Heritage Western Cape have revealed that the building which housed the Noon Gun Tea Room before its closure, was once a safe house for those opposing apartheid.
After an application to demolish the building was lodged, the Bo-Kaap Civic and Ratepayers’ Association (BKCRA) set out to establish whether the venue had historical significance.
The application proposed to demolish the tea room to make way for a development comprising a six-bedroom guest house, as well as smaller cottages and houses on the erf behind the tea room. Landscaped gardens, a vegetable garden and terraces will surround the property.
The BKCRA objected to the demolition application and sent out a survey asking residents to provide the association with photos, stories and memories relating to the Noon Gun Tea Room in an attempt to establish its historical significance.

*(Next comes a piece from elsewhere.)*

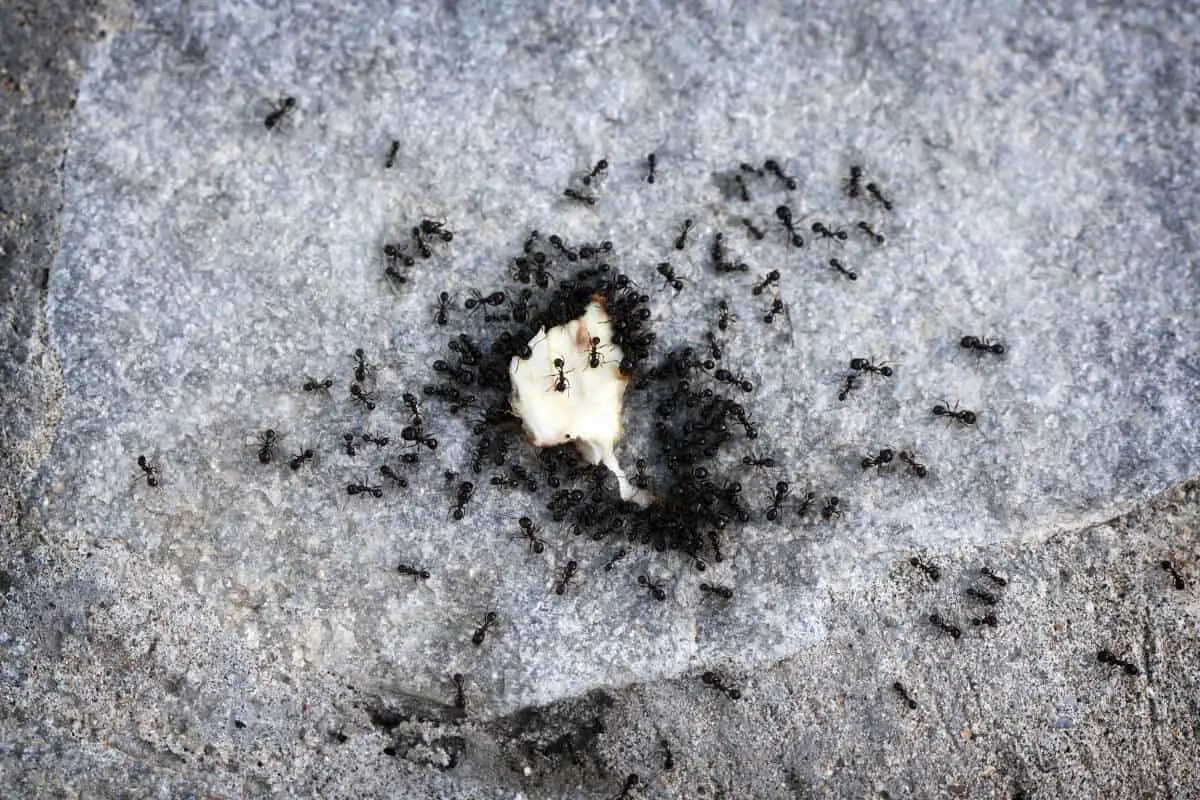 Ants Help Decompose Organic Waste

When Atlantic Sun did some asking around, chief executive officer for Heritage Western Cape, Mxolisi Dlamuka, confirmed the building did, in fact, have heritage significance as it had been built more than 60 years ago and had, in the 1980s, along with other Bo-Kaap homes, served as a hide-out for anti-apartheid activists.
“It was considered one of the many safe houses and in 1994, Zainie Misbach qualified as a tour guide and offered tourists an introduction to significant landmarks and activities in Bo-Kaap including entertaining the guests with refreshments in the family garden.
“The space was inadequate and so the front rooms and balcony were extended to accommodate up to 100 customers. This was the birth of the Noon Gun restaurant which ran for 18 years and eventually closed its doors in February 2013. The structure was since used as apartments,” said Mr Dlamuka.
He said the building had been altered and that much of the original structure had not been retained.
However, he said, because of its social significance the area should be commemorated and its history should be displayed on an information board or plaque.
But, there has been mixed reaction to the matter on the BKCRA Facebook page as some residents believe the venue has no historical value and urged the association to focus on other “more serious” matters.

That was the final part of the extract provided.